I’m sure you’ve heard Damien Chazelle’s name mentioned quite a bit when you hear about The Eddy. So much so, I’ve heard it referred to as “The Damien Chazelle Netflix show.” And that’s not to say he’s not involved. Chazelle directs the first two episodes out of the eight in the limited series (and, as you might expect, they are very well directed), but as far as I can tell that’s the extent of his involvement, as Jack Thorne is the creative force behind this project. If you have it in your head this is going to be La La Land 2, or Seb’s Place, that it not what this is.

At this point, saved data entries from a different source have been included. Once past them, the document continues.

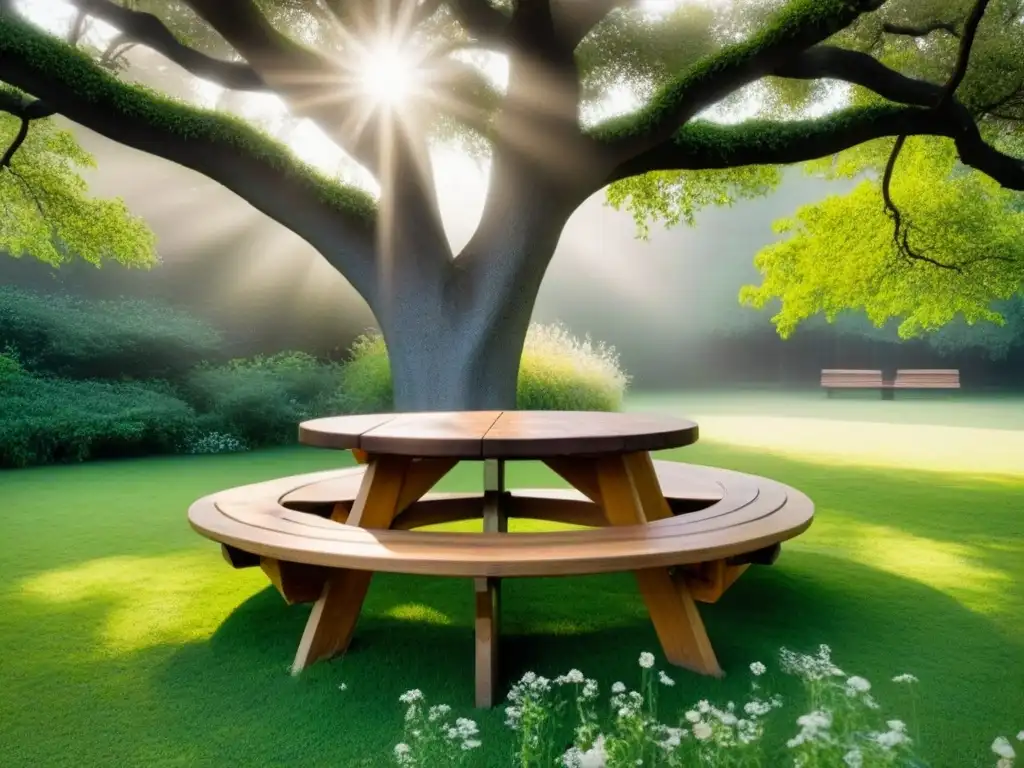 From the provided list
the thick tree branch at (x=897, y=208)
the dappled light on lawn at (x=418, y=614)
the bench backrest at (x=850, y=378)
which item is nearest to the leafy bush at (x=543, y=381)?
the thick tree branch at (x=897, y=208)

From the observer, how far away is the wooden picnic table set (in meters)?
2.41

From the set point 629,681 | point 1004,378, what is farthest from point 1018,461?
point 1004,378

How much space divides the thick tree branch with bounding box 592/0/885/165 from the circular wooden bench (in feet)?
11.7

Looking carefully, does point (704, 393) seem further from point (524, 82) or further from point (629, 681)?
point (629, 681)

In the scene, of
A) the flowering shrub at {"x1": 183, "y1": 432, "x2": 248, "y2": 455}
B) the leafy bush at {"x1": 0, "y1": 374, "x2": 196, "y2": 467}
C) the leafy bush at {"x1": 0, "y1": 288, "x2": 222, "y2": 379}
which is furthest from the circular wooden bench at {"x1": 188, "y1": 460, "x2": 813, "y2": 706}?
the leafy bush at {"x1": 0, "y1": 288, "x2": 222, "y2": 379}

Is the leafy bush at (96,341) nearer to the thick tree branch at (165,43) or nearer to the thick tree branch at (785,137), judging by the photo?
the thick tree branch at (165,43)

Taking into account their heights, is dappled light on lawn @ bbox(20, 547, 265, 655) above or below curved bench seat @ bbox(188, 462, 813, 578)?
below

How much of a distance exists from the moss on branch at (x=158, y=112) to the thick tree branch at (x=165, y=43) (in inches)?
64.0

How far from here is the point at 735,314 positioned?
28203mm

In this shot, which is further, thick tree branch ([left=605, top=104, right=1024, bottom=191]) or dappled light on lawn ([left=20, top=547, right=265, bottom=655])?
thick tree branch ([left=605, top=104, right=1024, bottom=191])

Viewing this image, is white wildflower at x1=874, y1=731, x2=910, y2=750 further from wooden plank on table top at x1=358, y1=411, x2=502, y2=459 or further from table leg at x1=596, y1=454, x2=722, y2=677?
wooden plank on table top at x1=358, y1=411, x2=502, y2=459

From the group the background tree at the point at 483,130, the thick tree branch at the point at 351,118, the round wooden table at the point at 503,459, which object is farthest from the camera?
the thick tree branch at the point at 351,118

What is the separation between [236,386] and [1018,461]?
9.68 meters

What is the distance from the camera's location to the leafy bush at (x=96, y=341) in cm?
1179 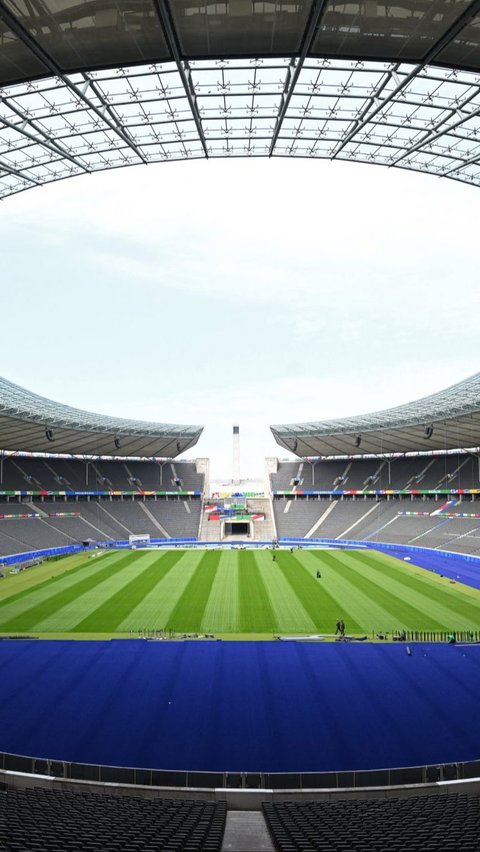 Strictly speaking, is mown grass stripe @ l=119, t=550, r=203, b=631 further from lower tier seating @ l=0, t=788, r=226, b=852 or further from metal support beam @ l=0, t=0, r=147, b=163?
metal support beam @ l=0, t=0, r=147, b=163

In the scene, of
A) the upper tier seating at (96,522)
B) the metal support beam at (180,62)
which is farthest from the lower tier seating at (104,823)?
the upper tier seating at (96,522)

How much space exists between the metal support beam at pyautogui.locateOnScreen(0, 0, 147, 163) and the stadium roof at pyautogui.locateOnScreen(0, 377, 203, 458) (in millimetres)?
40163

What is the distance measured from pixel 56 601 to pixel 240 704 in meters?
21.4

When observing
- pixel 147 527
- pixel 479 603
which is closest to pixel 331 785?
pixel 479 603

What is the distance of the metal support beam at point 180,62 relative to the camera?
8555mm

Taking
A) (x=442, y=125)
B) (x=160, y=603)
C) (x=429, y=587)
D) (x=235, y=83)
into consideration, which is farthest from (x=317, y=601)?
(x=235, y=83)

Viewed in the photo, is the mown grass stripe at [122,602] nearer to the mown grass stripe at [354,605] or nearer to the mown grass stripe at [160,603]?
the mown grass stripe at [160,603]

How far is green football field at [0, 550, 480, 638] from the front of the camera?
29703 millimetres

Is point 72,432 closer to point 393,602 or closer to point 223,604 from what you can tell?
point 223,604

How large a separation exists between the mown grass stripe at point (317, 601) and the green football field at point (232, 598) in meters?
0.07

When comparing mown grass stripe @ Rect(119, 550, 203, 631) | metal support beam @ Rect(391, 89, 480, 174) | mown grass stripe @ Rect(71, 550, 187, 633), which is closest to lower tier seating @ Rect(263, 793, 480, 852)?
metal support beam @ Rect(391, 89, 480, 174)

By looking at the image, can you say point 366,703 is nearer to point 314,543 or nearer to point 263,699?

Anyway, yes, I have watched all eight episodes of The Eddy and they are well-written, well-crafted, well-directed and well-acted. Yet, somehow, with all of these elements in place, they don’t all coalesce into one cohesive unit. In fact, I’m having trouble explaining what The Eddy is even about, even though there are times I found myself very much enjoying the proceedings. The Eddy is a very odd creation.
Set in Paris, Elliott (André Holland) owns a jazz club, where a local, well-regarded jazz band, The Eddy, plays. Elliott’s daughter (Amandla Stenberg), who is a bit of a hellraiser, has just come to live with him, which creates some family friction. And for the first, oh, 45 minutes of the opening episode, it appears that the focus on the series would be about jazz and the interpersonal relationship between Elliott and his daughter, and Elliott and the rest of the band. Now, I have heard that the songs were written first, then the script was written around the songs. When watching, this makes a lot of sense, as every time the jazz takes over, the screen erupts in sound and color and cool. And The Eddy does not skimp on the music, because when we hear jazz performed, we hear the entire song every time. I could make a case The Eddy is a musical. But…
After the aforementioned 45 minutes, a character is, basically, whacked like this were an episode of The Sopranos. At the time, I couldn’t tell if I found this a genuinely surprising twist or just a horribly out of place event for the tone of the show I’d been watching up until that point. By the end of the series, I still don’t quite know.
Look, I have no idea what the writing process was for The Eddy. For all I know, the plan from the beginning was, “What if we made a series about a jazz club and a jazz band and they play great music, but what if also there’s an ongoing subplot about Ukrainian mobsters who run a counterfeiting ring and multiple characters get the shit beat out of them.” But it certainly feels like a show that was supposed to be slow and meandering and about the music and the intricacies of each character’s lives, until someone suggested, “This show needs an action plot.”
Here’s the thing: The action subplot is pretty good! I found myself interested in the mystery of who committed the murder and the mess that Elliott is in because now the police think he’s involved and the mafia is putting pressure on him to stay quiet and get them back their counterfeit money. But it’s a completely different show.
I like the jazz elements of The Eddy. I like the “mob movie” elements of The Eddy. I do not like them together. It’s like trying to eat a peanut butter and steak sandwich. Which, you know what, for one bite might not taste that bad! But by the time you finish the whole sandwich, there’s no way you’re ordering another one of those.
So what happens is, The Eddy will have an intense interrogation scene about the murder, where we are close to getting some answers, directly followed by a 10-minute scene of a jazz band playing while people dance. Then it just stays on the jazz element as the whole murder part, well, they’ll get back to that at some point, but, until then, enjoy some music.
I’m not trying to be too harsh on The Eddy. Everything about it screams, “labor of love.” And, again, there are a lot of elements I really enjoyed. But I wish it had either been a story about the jazz club, or a story about the Ukrainian mob. Not both. Each episode focuses on a different main character, and for a couple of them, the mob stuff is soooo shoehorned in that it just felt phony. Which makes The Eddy all the more confounding, because when it focuses on one or the other, each has its merits. (Personally, I think if it had just stuck to the jazz club elements, it could have been something really unique.) But the shifts in tone … it was just too much.